Re: C aggregate passing (Rust kernel policy)

From: Ralf Jung
Date: Thu Feb 27 2025 - 08:55:48 EST


Hi all,

...
Unions in C, C++ and Rust (not Rust "enum"/tagged union) are
generally sharp. In Rust, it requires unsafe Rust to read from
a union.

Definitely sharp. At least in Rust we have a very clear specification though,
since we do allow arbitrary type punning -- you "just" reinterpret whatever
bytes are stored in the union, at whatever type you are reading things. There is
also no "active variant" or anything like that, you can use any variant at any
time, as long as the bytes are "valid" for the variant you are using. (So for
instance if you are trying to read a value 0x03 at type `bool`, that is UB.)

That is actually a big f***ing problem.
The language has to define the exact behaviour when 'bool' doesn't contain
0 or 1.

No, it really does not. If you want a variable that can hold all values in 0..256, use `u8`. The entire point of the `bool` type is to represent values that can only ever be `true` or `false`. So the language requires that when you do type-unsafe manipulation of raw bytes, and when you then make the choice of the `bool` type for that code (which you are not forced to!), then you must indeed uphold the guarantees of `bool`: the data must be `0x00` or `0x01`.

Much the same as the function call interface defines whether it is the caller
or called code is responsible for masking the high bits of a register that
contains a 'char' type.

Now the answer could be that 'and' is (or may be) a bit-wise operation.
But that isn't UB, just an undefined/unexpected result.

I've actually no idea if/when current gcc 'sanitises' bool values.
A very old version used to generate really crap code (and I mean REALLY)
because it repeatedly sanitised the values.
But IMHO bool just shouldn't exist, it isn't a hardware type and is actually
expensive to get right.
If you use 'int' with zero meaning false there is pretty much no ambiguity.

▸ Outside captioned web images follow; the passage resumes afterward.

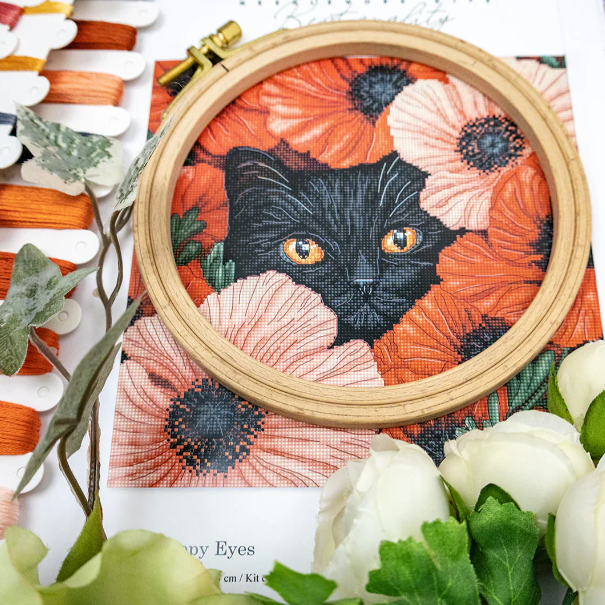 New Cross-Stitch Kits from LetiStitch – Versatile Designs for Every Stitcher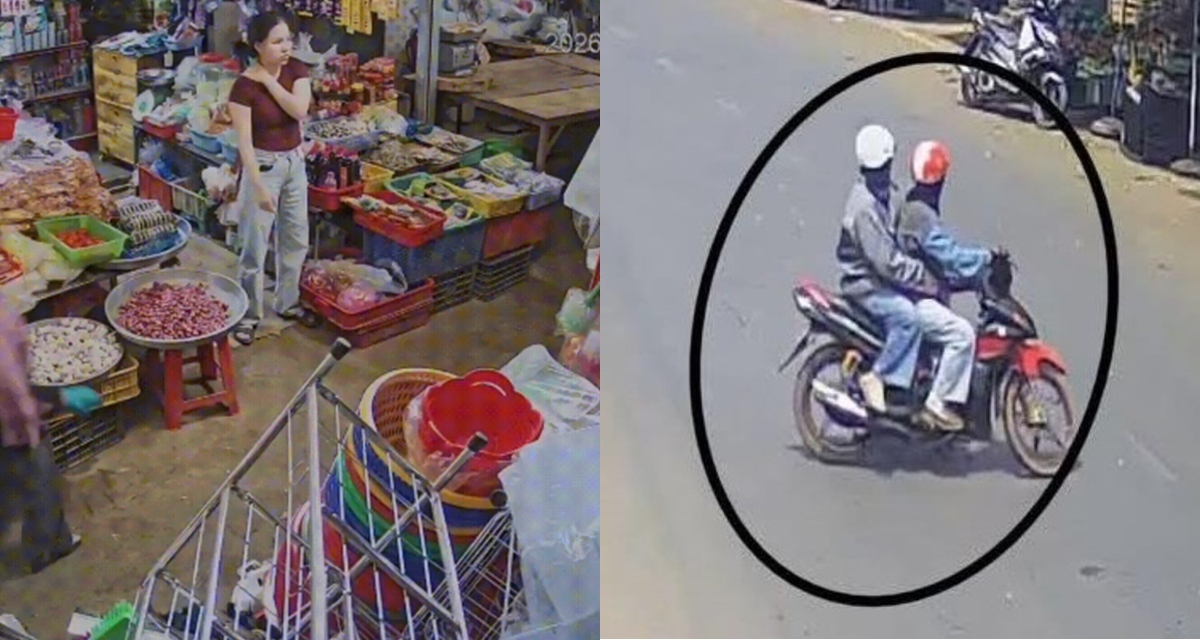 T&igrave;nh tiết ly kỳ vụ chủ tạp h&oacute;a ngất xỉu sau khi gặp 2 người lạ, h&eacute; lộ bức ảnh 2 đối tượng cho xem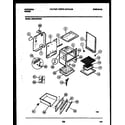 Frigidaire CE301SP2D1 body parts diagram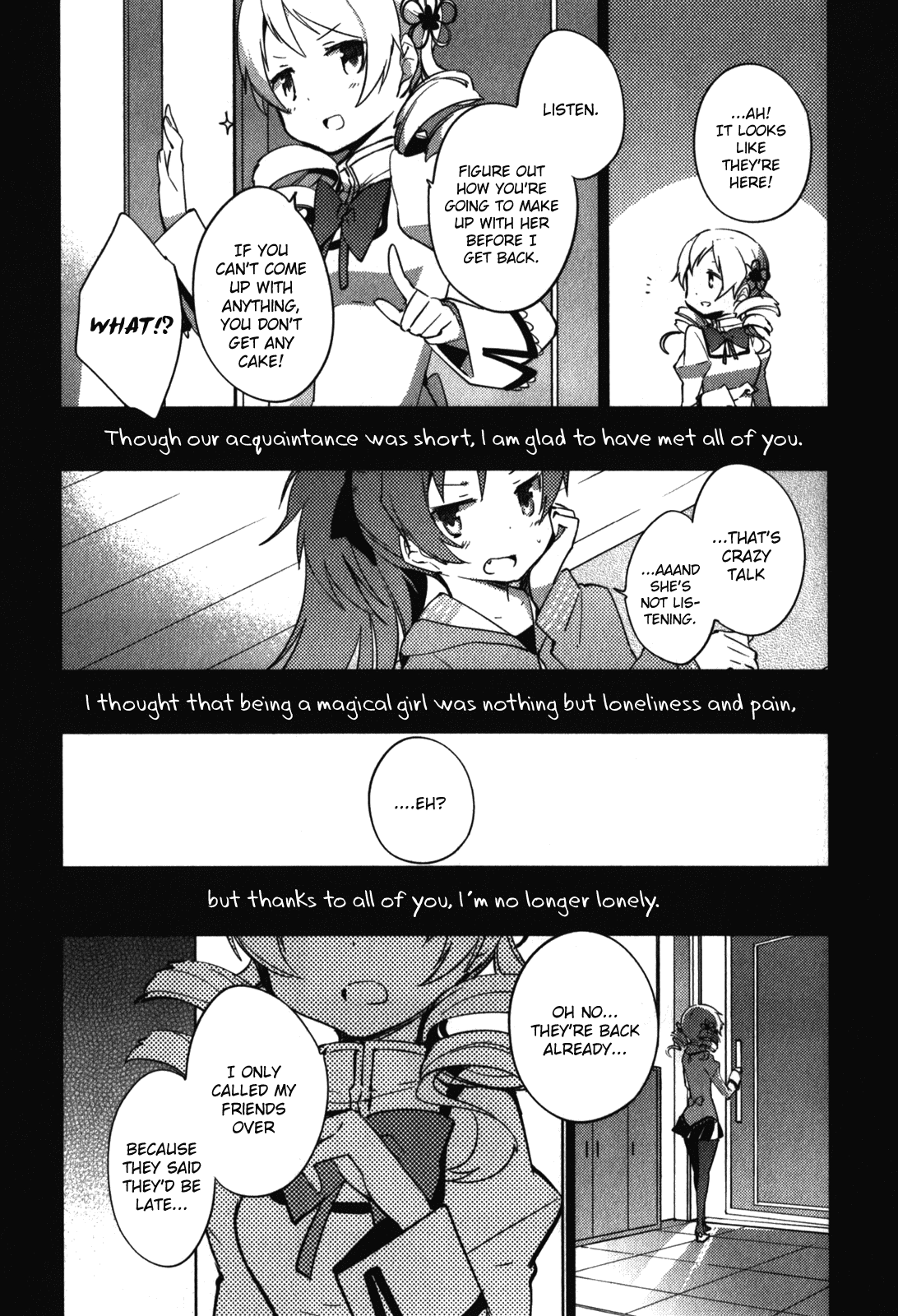 Mahou Shoujo Madoka Magica - The Different Story Chapter 12.2 page 46 - Chapter 12 v2 : Final Episode [End]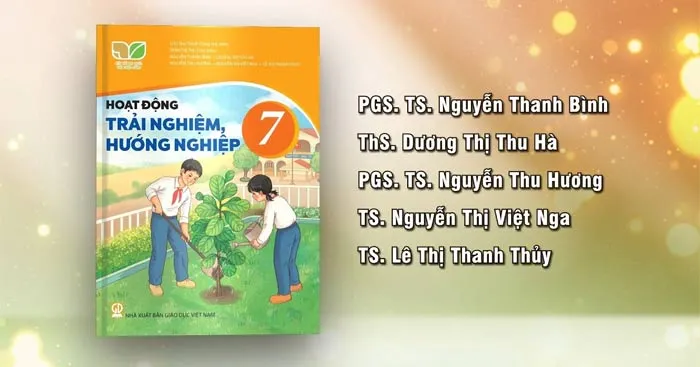 Bài giảng điện tử môn Hoạt động trải nghiệm hướng nghiệp 7 sách Kết nối tri thức với cuộc sống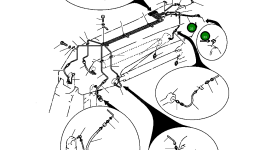 Трубка 209-72-66110 Komatsu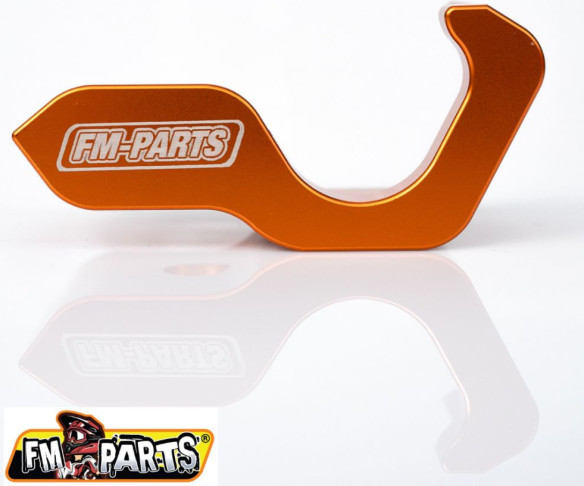 Protectie Furca Jos Aluminiu KTM/Husqvarna Orange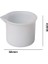 50ML-5PCS-B 30/50/100/125/500ML Silikon Ölçüm Kabı Şeffaf Ölçekli Diy Mutfak Pişirme Epoksi Silikon Reçine Takı Yapımı Araçları (Yurt Dışından) 1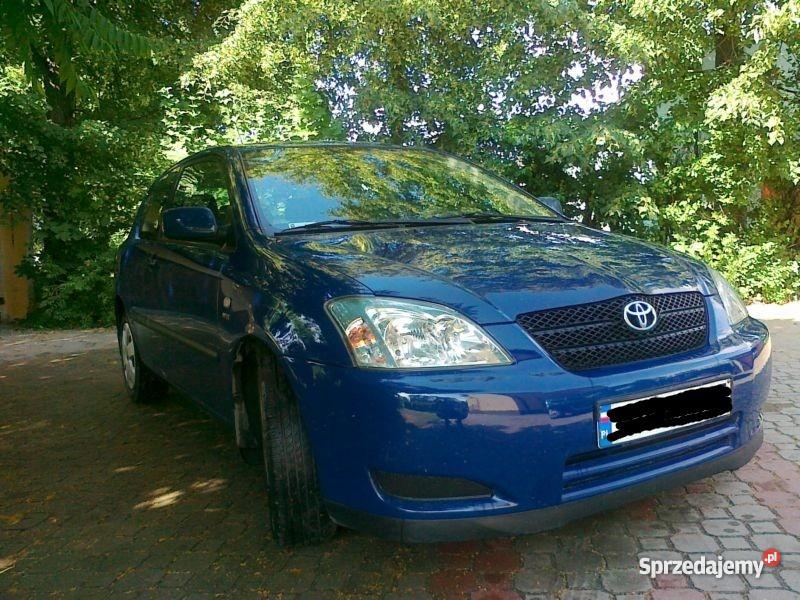 Toyota Corolla 14 VVTI 20032004 Korytnica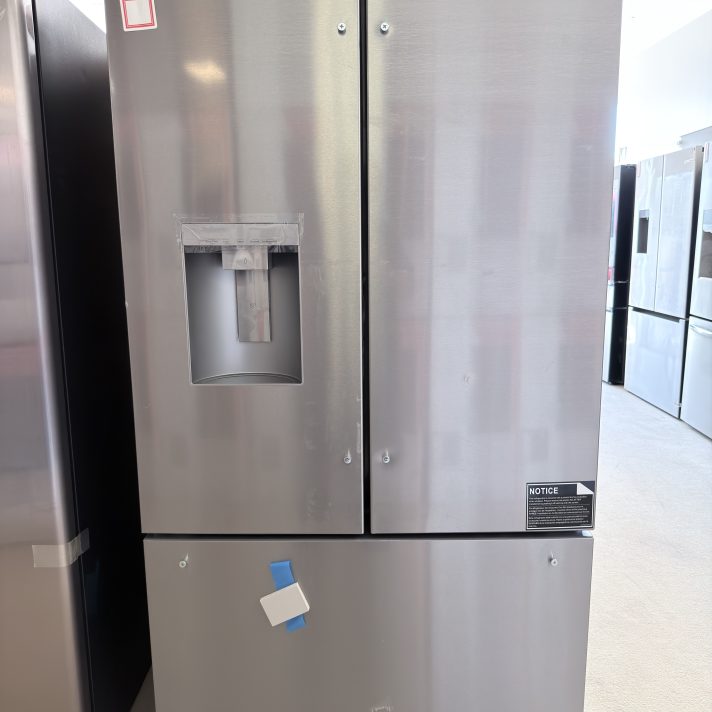 KitchenAid* 36 in. Wide 30 cu. ft. French Door Refrigerator with Exterior Water and Ice - Stainless Steel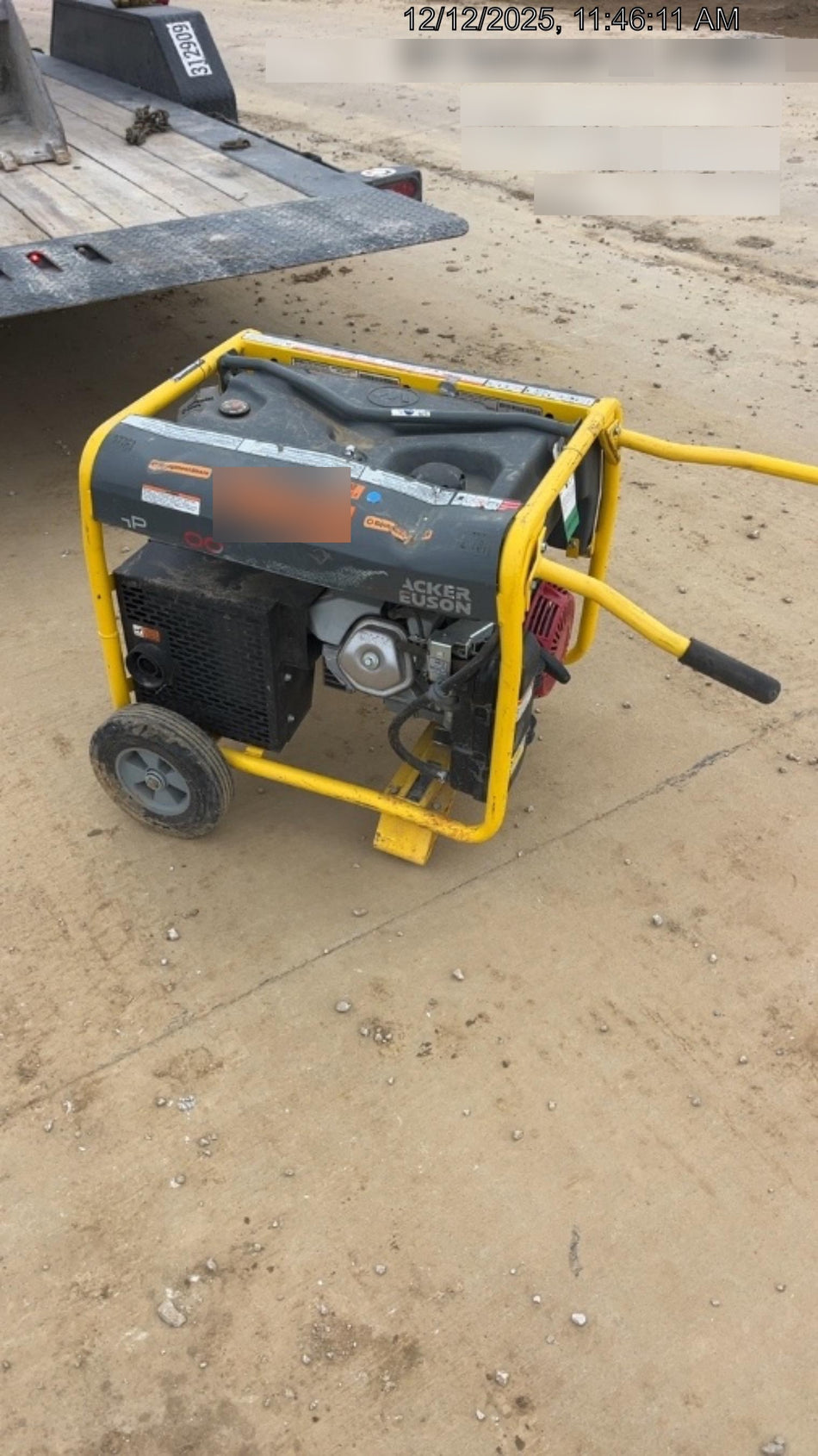 2018 WACKER NEUSON GP6600A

We have many types in Rust that are not hardware types. Users can even define them themselves:

enum MyBool { MyFalse, MyTrue }

This is, in fact, one of the entire points of higher-level languages like Rust: to let users define types that represent concepts that are more abstract than what exists in hardware. Hardware would also tell us that `&i32` and `*const i32` are basically the same thing, and yet of course there's a world of a difference between those types in Rust.

Kind regards,
Ralf